*What you need to do*: Two lines mark the range in the entries below: the one holding "Human Capacity in" and the one holding "Was sind die". Set down those two and all lines between them, exactly.

*Study material*:
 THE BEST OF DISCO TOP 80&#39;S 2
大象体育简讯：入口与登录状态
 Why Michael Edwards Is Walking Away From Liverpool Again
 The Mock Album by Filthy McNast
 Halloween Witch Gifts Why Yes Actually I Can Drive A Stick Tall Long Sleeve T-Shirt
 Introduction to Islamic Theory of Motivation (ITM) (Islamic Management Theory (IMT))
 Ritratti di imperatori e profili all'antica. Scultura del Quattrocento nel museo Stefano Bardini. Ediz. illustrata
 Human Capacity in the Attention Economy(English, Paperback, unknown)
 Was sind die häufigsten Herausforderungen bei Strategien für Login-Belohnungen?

---

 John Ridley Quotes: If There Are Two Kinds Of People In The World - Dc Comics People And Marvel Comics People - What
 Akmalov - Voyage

--

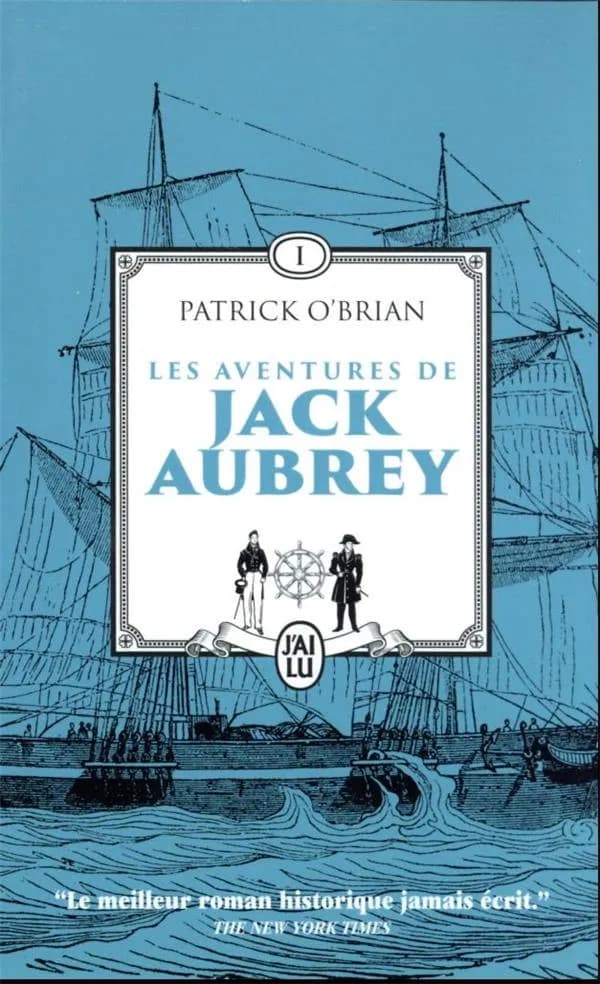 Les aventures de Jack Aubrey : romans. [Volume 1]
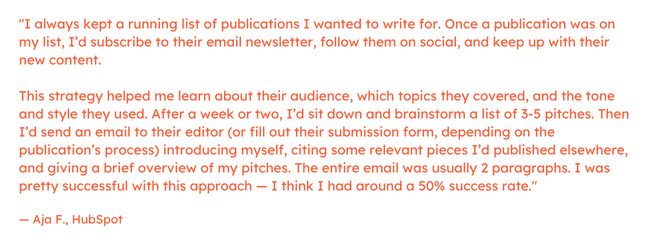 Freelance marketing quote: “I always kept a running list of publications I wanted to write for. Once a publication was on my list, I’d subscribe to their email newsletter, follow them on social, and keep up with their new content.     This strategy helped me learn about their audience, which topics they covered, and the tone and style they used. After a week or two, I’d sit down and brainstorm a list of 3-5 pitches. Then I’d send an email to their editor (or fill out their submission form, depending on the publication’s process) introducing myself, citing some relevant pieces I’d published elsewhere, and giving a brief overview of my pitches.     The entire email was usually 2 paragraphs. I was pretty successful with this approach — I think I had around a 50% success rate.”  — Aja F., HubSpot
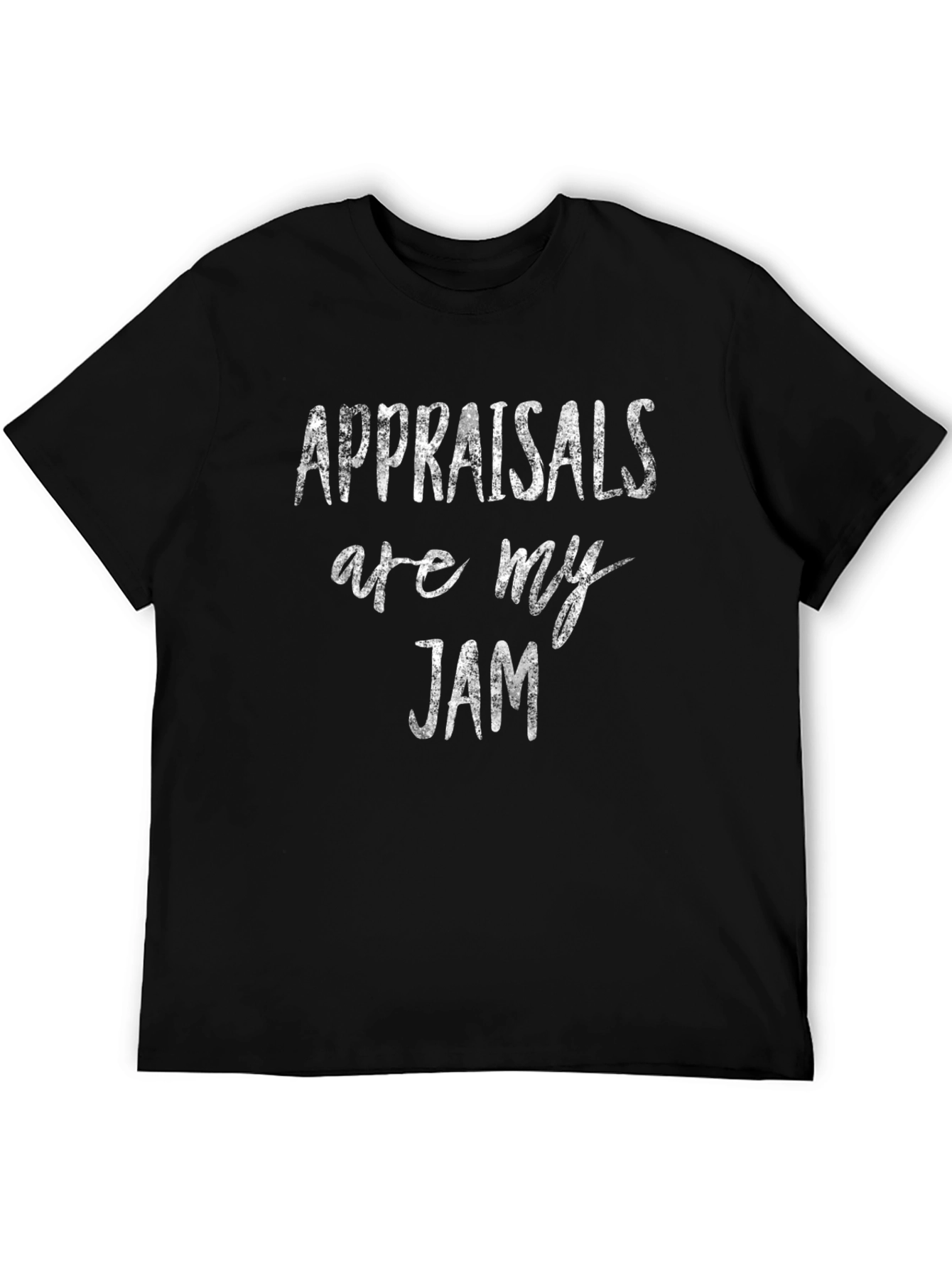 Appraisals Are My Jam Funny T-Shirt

*Exercise answer*:
 Human Capacity in the Attention Economy(English, Paperback, unknown)
 Was sind die häufigsten Herausforderungen bei Strategien für Login-Belohnungen?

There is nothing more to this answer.